NUSANTARAKINI – di pinggir Bengawan Solo, Desa Cangaan di Kecamatan Kanor, Kabupaten Bojonegoro, ternyata menyimpan sejarah gemilang di masa lalunya.
Hal itu terungkap dalam buku yang ditulis oleh Almarhum H.M. Sururi Djufri yang berjudul Sejarah Desa Cangaan, Perkembangan Keagamaan, Ekonomi, dan Pendidikan.
Buku tersebut baru saja diluncurkan oleh keluarga penulis pada Senin (21/11/2022) yang bertepatan dengan peringatan 40 hari wafatnya Hj. Ummi Muyassaroh, istri dari penulis.
Salah satu putra Alm. H.M. Sururi Djufri, M. Ridwan mengatakan peluncuran buku tersebut bertujuan agar masyarakat Desa Cangaan mengetahui sejarah desa.
“Peluncuran buku Sejarah Desa Cangaan ini dimaksudkan agar masyarakat setempat dapat mengetahui dan mengambil pelajaran dari jejak-jejak perisitiwa yang pernah terjadi di desa ini,” kata Ridwan pada Kamis (24/11/2022).
Ridwan menjelaskan buku yang ditulis oleh almarhum terdiri dari empat bab. Bab pertama membahas tentang jejak sejarah desa. Bab kedua membahas tentang perkembangan keagamaan.

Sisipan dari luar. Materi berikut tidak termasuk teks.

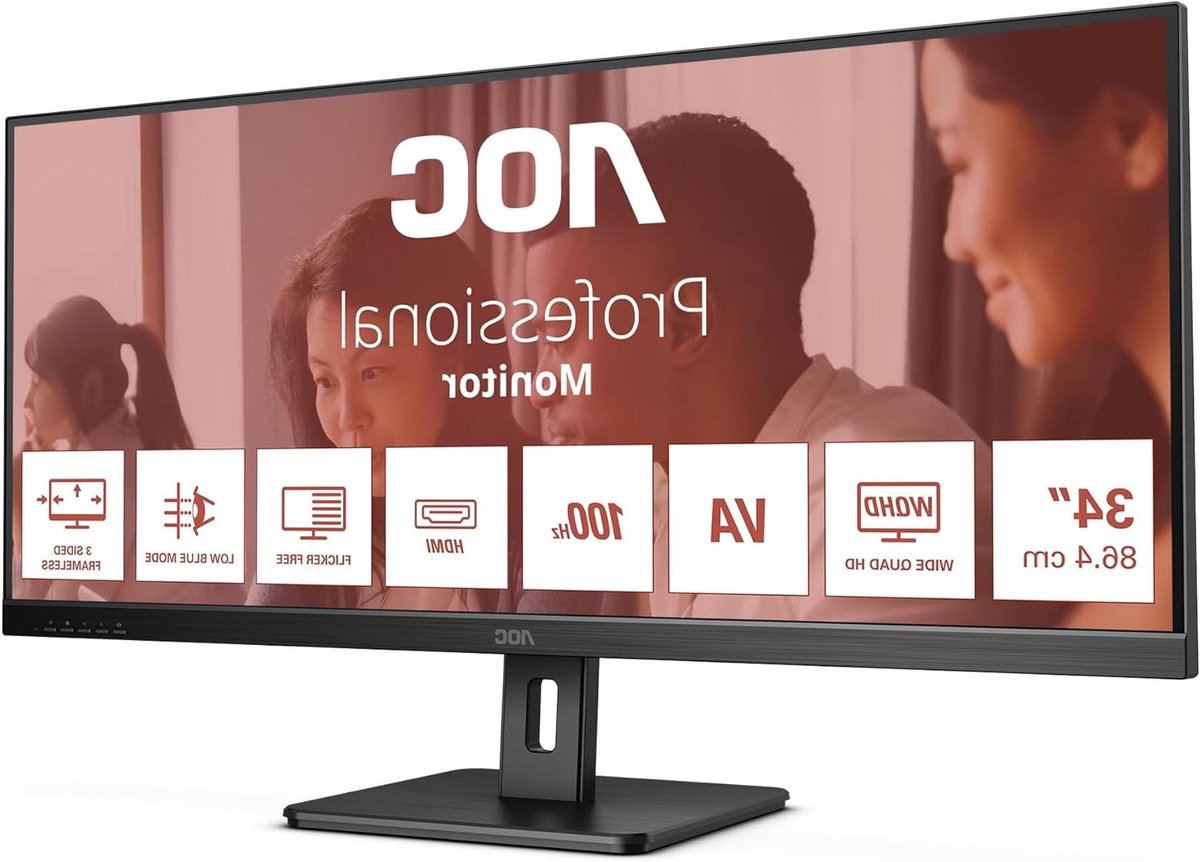 PC Scherm - Ultra Wide Monitor - Werk en Entertainment - Wide Quad HD - 86.4 cm - Zwart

“Kemudian bab keempat membahas tentang pasang surut ekonomi desa, dan bagian keempat membahas tentang perkembangan pendidikan desa,” tambahnya.
Buku yang ditulis oleh Alm. H. M. Sururi tersebut mengungkap keberadaan masjid tertua di Kabupaten Bojonegoro, yaitu Masjid Jami’ Nurul Huda. Masjid tersebut didirikan oleh Ki Wiroyudo pada tahun 1775 Masehi.
Ki Wiroyudo sendiri merupakan prajurit Solo yang melarikan diri dari kejaran tentara Belanda. Dengan menggunakan perahu getek, ia menyusuri Sungai Bengawan Solo hingga kemudian sampai di Desa Cangaan.
Selain itu, buku tersebut juga memuat fakta menarik tentang perkembangan ekonomi desa. Disebutkan bahwa Desa Cangaan dulu merupakan pusat perdagangan tembakau.
Bahkan, saking ramainya perdagangan tembakau pada masa itu, Alm. H. M. Sururi menyebut “orang berlalu lalang sehingga tidak tampak ada rumput yang bisa tumbuh di pinggir jalan”.
Ramainya perdagangan tembakau tidak lepas dari keberadaan Sungai Bengawan Solo. Sungai terpanjang di Pulau Jawa itu memainkan peran penting sebagai jalur utama perdagangan.
Pada masa-masa itu, banyak dijumpai perahu-perahu besar yang mampu memuat 500-600 bal tembakau dengan penumpang hingga 50 orang.
Perahu-perahu ini mengangkut tembakau dari gudang-gudang di Desa Cangaan menuju pelabuhan di Gresik dan Surabaya untuk selanjutnya dibawa ke Eropa.
Bagian akhir dari buku tersebut menjelaskan tentang sejarah perkembangan pendidikan di Desa Cangaan. Awalnya, lembaga pendidikan berupa lembaga diniyah yang berubah menjadi madrasah. Lembaga pendidikan tersebut diinisiasi oleh para lulusan pesantren Tebuireng, Jombang.
Lembaga pendidikan itu kemudian diberi nama Madrasah Al-Falah Wan Najah. Pada saat peresmian, hadir K.H Abdullah Ubaid dari Surabaya dan K.H Hasyim Asy’ari dari Tebuireng.